He was powerful, but not terribly overpowering. Humble, but defiant all the same. I could tell he was a fighter, a man who had fought all his life. A man who had never stopped fighting, a man who never would stop.

He didn't like using his hands. Not the _hand_. He never smiled. I would see it growing on his face, lightening his eyes, waiting to burst out, and he would pull it back, shut it down.

I was terrified. But not of him. I had the sense he wouldn't hurt me of his own desire, not like the others had. Although he was certainly capable of it. Instead, I was afraid of what they may order him to do, what they might tell me to accomplish. I had reason to be wary. He wasn't my first trainer and he wouldn't be my last.

We were both lost, and somehow that helpless feeling let us trust each other. After a long time.

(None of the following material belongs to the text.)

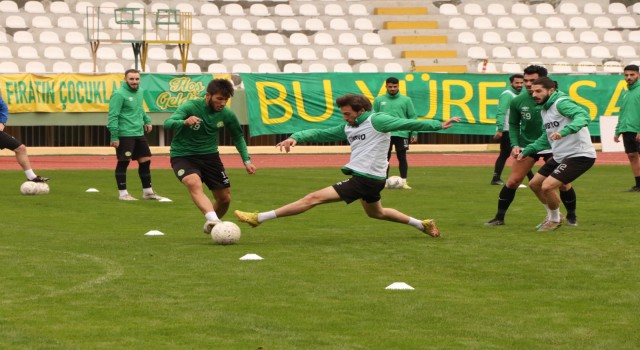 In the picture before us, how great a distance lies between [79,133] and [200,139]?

He was brilliant. A dull brilliance that went unnoticed. Because it wasn't what they molded him into that was worthwhile, it was the stuff he was made of. It was who he was before coming here, who he would be after he was free. They hadn't snuffed out the real man completely, and that was their downfall. They never were able to take his old spirit out, not really. His disguise simply muffled it for a while. I saw through.

On our first day, he seemed captivated by me, almost as much as I was by him. I watched him closely, afraid to trust him too much for comfort. He did the same.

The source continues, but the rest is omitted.